Apesar da repercussão, o neoteísmo perdeu fôlego e relevância nos últimos anos. Suas pretensões  parecem não fazer mais sentido na cultura contemporânea e cada vez mais as pessoas estão desinteressadas em discutir sobre a existência de Deus nos termos propostos pelo novo ateísmo. Na onda dos novos interesses sociais e culturais advindos da pós-modernidade, a grande maioria dos apoiadores de Dawkins se cansou dos debates tediosos e repetitivos, deslocando seus interesses e desejos para temas como justiça social, ideologia, sexualidade e o politicamente correto, assuntos desprezados pelo novo ateísmo. Agora, esse tipo de ateísmo combativo é mais uma figura icônica satirizada do que uma visão de mundo consistente para a vida das pessoas.

Todavia, no lugar do neoateísmo surge um novo tipo de ateísmo que desafia a igreja e os cristãos: o “apateísmo”. O termo é uma junção das palavras “apatia” e “teísmo/ateísmo”, e representa uma postura de desinteresse e desprezo em relação à crença ou descrença em Deus (ou deuses). Embora tenha raízes no ateísmo prático (viver como se Deus não existisse) e no deísmo (a ideia de que Deus não se envolve com o mundo e com a humanidade), o apateísmo não é um tipo de crença ou uma visão de mundo, mas uma atitude de vida. 

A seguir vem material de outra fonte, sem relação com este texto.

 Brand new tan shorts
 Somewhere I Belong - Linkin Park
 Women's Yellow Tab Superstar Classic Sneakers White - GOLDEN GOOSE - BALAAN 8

O apateísmo também não se confunde com o agnosticismo. Enquanto o agnóstico acredita não ser possível saber se Deus existe ou não, o apateísta não quer e não se importa em discutir sobre esse tema ou acerca do mundo espiritual. Tais assuntos são indiferentes para a sua vida.

Essa nova atitude para com as questões religiosas e espirituais parece explicar o motivo do declínio da frequência à igreja em várias partes do mundo. De acordo com o Public Religion Research Institute, tem havido um crescente “aumento dos não afiliados” à igreja na América do Norte. “Muitas pessoas não descreem especificamente no sobrenatural ou em Deus: elas simplesmente não se importam e não querem falar ou pensar sobre isso”(1). Nos Estados Unidos, o apateísmo é especialmente prevalente entre os jovens.

Estes dados encontram ressonância com os apontamentos da psicóloga Jean Twenge em seu livro iGen. Ao falar sobre o perfil da “Geração Z” (os nascidos entre 1995 e 2010), a autora mostra que esta nova geração é mais insegura, isolada, individualista e indefinida (em relação à sexualidade). Quanto à religião, eles são menos religiosos pública e privadamente. Além da desconfiança nas instituições religiosas, “um número crescente de jovens está se desligando totalmente da religião, tanto em casa quanto em seus corações”(2), principalmente por entender que a fé tem pouca importância em suas vidas.

Pelo fato de ser uma atitude de vida, manifesto pela apatia religiosa e espiritual, o apateísmo pode aparecer até mesmo naqueles que afirmam pertencer a alguma fé. Um estudo recente da Lifeway Research(3) descobriu que a apatia dentro da igreja foi citada como o desafio mais comum enfrentado pelos pastores hoje. Realizada em 2021, a pesquisa apontou que 75% dos pastores pesquisados listaram “apatia ou falta de compromisso das pessoas” quando solicitados a identificar aquela “dinâmica das pessoas” que consideram desafiadora em seu ministério. 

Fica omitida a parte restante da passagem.